**Your task**: Nothing but an exact repeat of the data, with pictures removed, belongs in the answer.

Captioned web image data
BEGIN
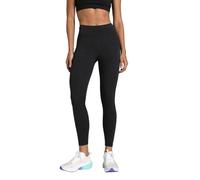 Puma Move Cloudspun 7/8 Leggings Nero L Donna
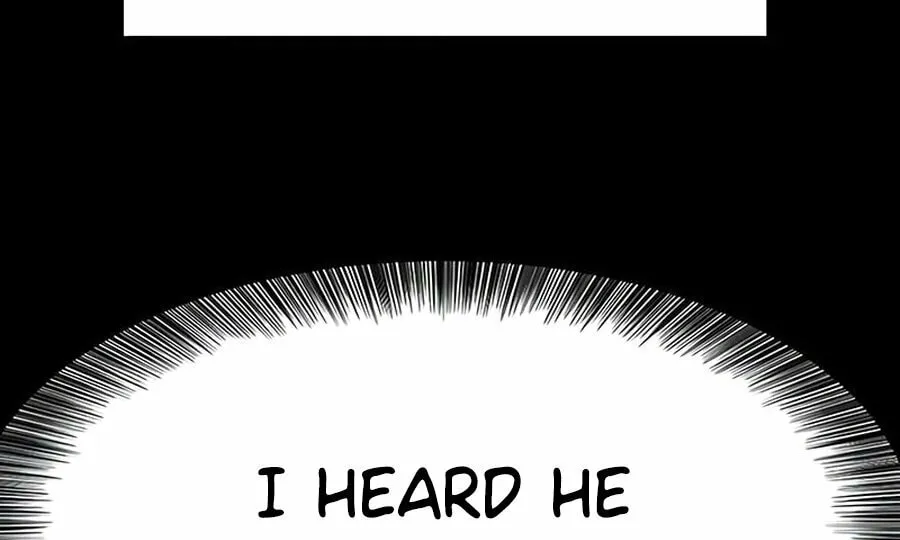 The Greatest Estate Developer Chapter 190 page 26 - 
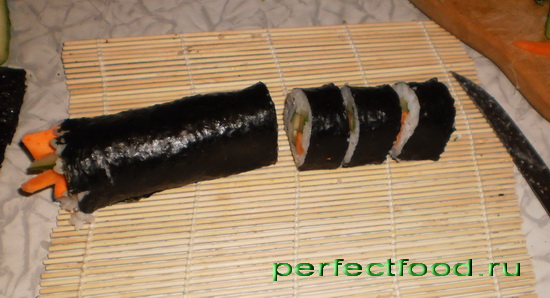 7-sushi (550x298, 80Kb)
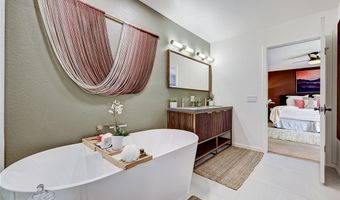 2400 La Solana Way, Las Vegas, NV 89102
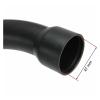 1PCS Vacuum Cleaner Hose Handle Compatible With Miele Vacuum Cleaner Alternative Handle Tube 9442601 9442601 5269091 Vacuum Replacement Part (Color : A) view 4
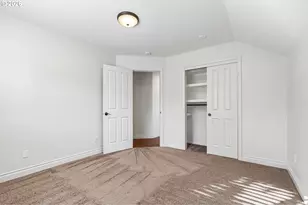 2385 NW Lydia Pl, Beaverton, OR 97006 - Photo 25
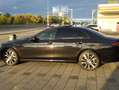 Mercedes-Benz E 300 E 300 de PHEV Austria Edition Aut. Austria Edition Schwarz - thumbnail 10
END
**Solution for this task**:
 Puma Move Cloudspun 7/8 Leggings Nero L Donna
 The Greatest Estate Developer Chapter 190 page 26 - 
 7-sushi (550x298, 80Kb)
 2400 La Solana Way, Las Vegas, NV 89102
 1PCS Vacuum Cleaner Hose Handle Compatible With Miele Vacuum Cleaner Alternative Handle Tube 9442601 9442601 5269091 Vacuum Replacement Part (Color : A) view 4
 2385 NW Lydia Pl, Beaverton, OR 97006 - Photo 25
 Mercedes-Benz E 300 E 300 de PHEV Austria Edition Aut. Austria Edition Schwarz - thumbnail 10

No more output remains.